## Supplied information
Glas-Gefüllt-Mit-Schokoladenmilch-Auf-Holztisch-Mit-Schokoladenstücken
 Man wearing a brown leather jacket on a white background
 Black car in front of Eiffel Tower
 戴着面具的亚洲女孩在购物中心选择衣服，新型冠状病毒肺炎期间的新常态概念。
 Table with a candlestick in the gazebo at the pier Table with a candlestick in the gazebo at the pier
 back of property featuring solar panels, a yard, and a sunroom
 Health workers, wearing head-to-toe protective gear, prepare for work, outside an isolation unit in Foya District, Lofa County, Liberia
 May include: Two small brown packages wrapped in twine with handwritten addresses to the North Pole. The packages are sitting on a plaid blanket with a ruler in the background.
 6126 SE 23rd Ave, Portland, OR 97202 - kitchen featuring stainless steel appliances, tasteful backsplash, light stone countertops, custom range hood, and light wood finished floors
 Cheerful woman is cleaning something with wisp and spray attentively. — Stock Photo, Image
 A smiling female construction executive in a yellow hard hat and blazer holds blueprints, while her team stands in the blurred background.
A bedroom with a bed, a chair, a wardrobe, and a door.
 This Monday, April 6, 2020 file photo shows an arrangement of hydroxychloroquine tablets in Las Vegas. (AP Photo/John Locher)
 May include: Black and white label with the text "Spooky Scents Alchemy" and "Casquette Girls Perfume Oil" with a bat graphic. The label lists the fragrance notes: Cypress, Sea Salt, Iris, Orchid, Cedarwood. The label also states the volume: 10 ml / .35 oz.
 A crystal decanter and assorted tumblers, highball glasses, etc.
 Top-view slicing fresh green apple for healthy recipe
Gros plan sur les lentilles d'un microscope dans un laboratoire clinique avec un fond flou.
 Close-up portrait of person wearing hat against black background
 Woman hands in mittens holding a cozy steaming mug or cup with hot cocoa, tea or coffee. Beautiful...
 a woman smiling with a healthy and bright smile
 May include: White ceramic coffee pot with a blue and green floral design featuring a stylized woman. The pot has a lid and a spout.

## What to work on
In the listing above, find the line with "A crystal decanter", then copy it and every later line exactly, through the last line, and nothing else.

## Exercise answer
 A crystal decanter and assorted tumblers, highball glasses, etc.
 Top-view slicing fresh green apple for healthy recipe
Gros plan sur les lentilles d'un microscope dans un laboratoire clinique avec un fond flou.
 Close-up portrait of person wearing hat against black background
 Woman hands in mittens holding a cozy steaming mug or cup with hot cocoa, tea or coffee. Beautiful...
 a woman smiling with a healthy and bright smile
 May include: White ceramic coffee pot with a blue and green floral design featuring a stylized woman. The pot has a lid and a spout.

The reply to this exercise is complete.